━━━━━ SOURCE MATERIAL

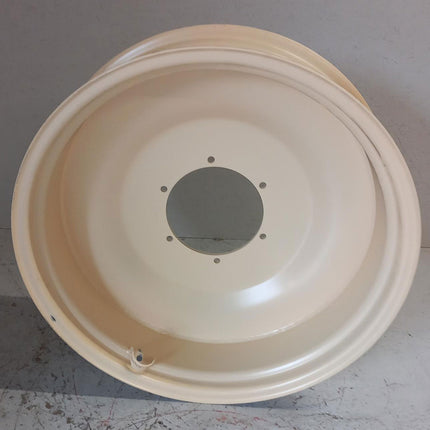 10 X 32/W Grasdorf lfd. Nr. 63/23 S=12 mm 6/285/251/17 zy / ET-110 grundiert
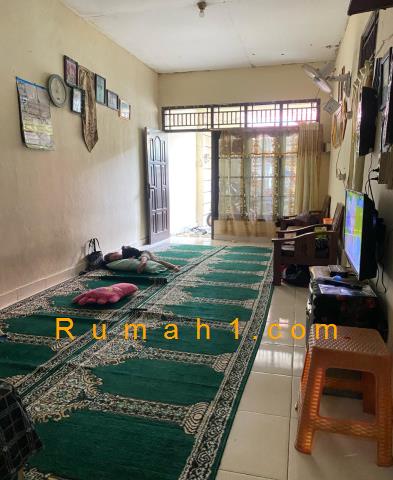 Foto Rumah dijual di Kebon Bawang, Tanjung Periok, Rumah Id: 7161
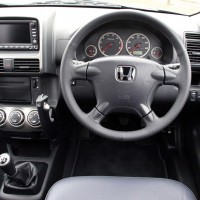 Хонда ЦР-В - класс Стандарт (Honda CR-V)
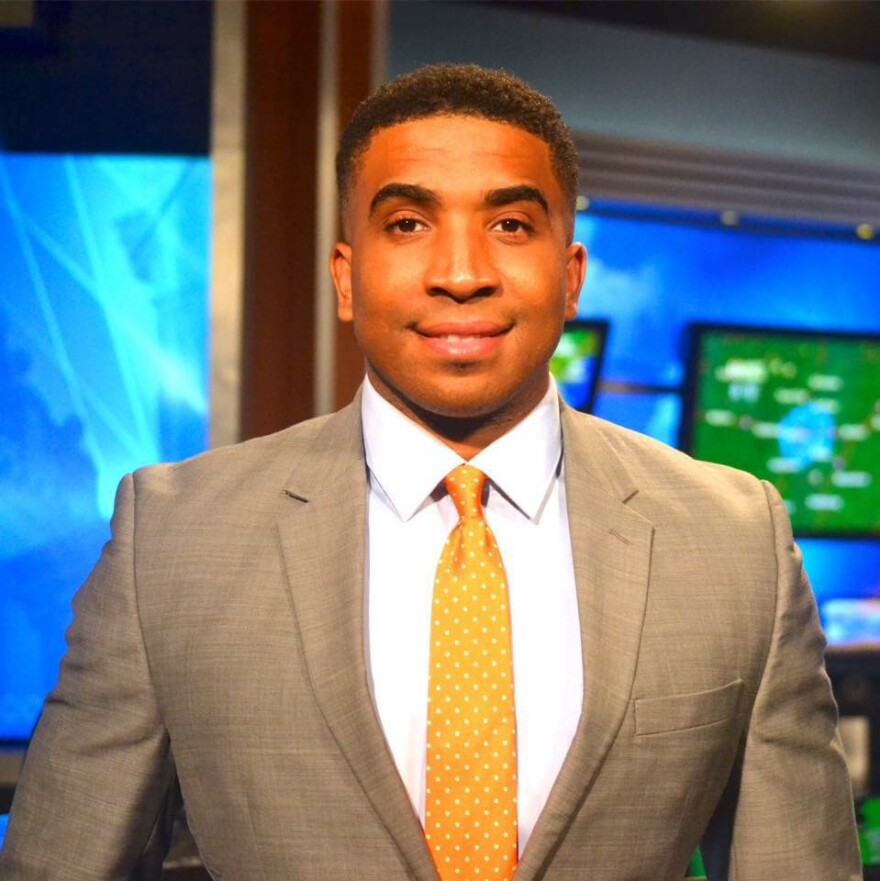 Ryan Houston Bio, Wiki, Age, Height, Parents, Wife, WPXITV, Salary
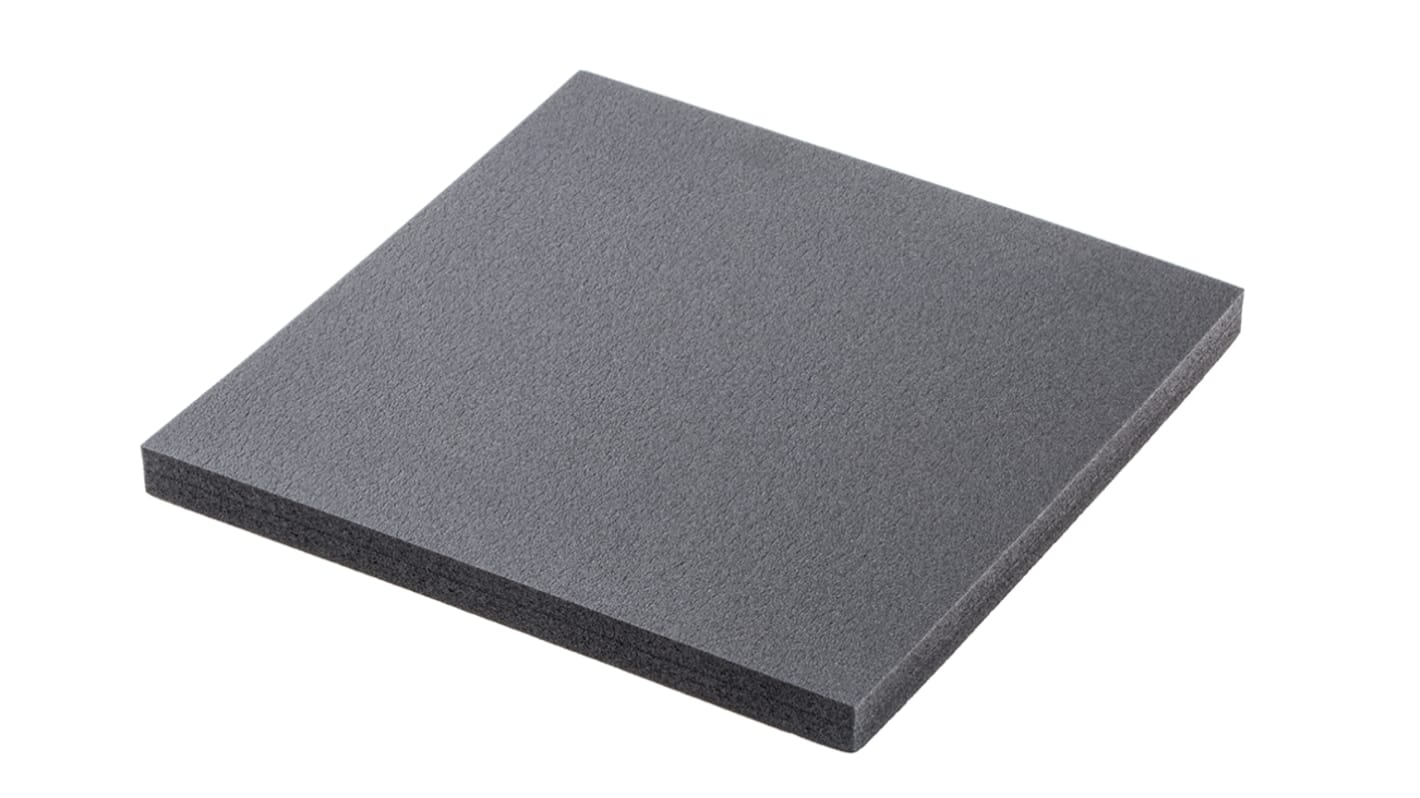 Rittal Plastic Blanking Cover, 224 x 224mm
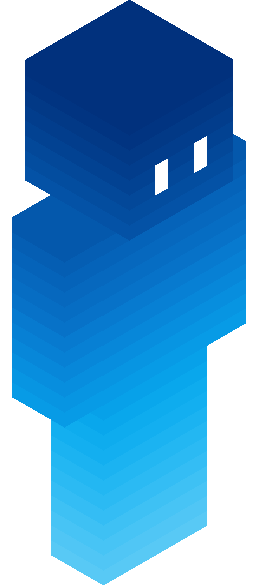 LonelyIris's full body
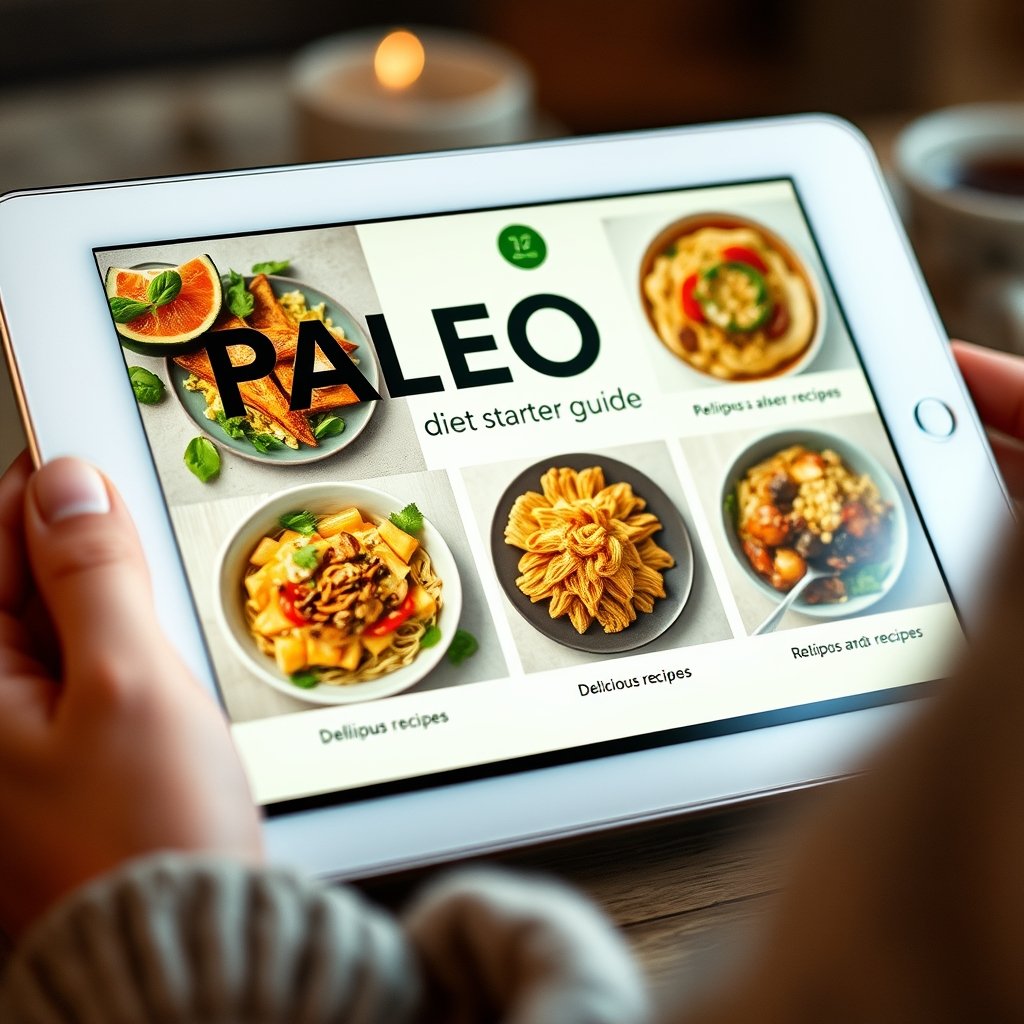 paleo diet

━━━━━━━━━━

▶ _EXERCISE PROMPT_:
The complete set of records should be written out again, pictures excluded.

▶ _SOLUTION TO THIS TASK_:
 10 X 32/W Grasdorf lfd. Nr. 63/23 S=12 mm 6/285/251/17 zy / ET-110 grundiert
 Foto Rumah dijual di Kebon Bawang, Tanjung Periok, Rumah Id: 7161
 Хонда ЦР-В - класс Стандарт (Honda CR-V)
 Ryan Houston Bio, Wiki, Age, Height, Parents, Wife, WPXITV, Salary
 Rittal Plastic Blanking Cover, 224 x 224mm
 LonelyIris's full body
 paleo diet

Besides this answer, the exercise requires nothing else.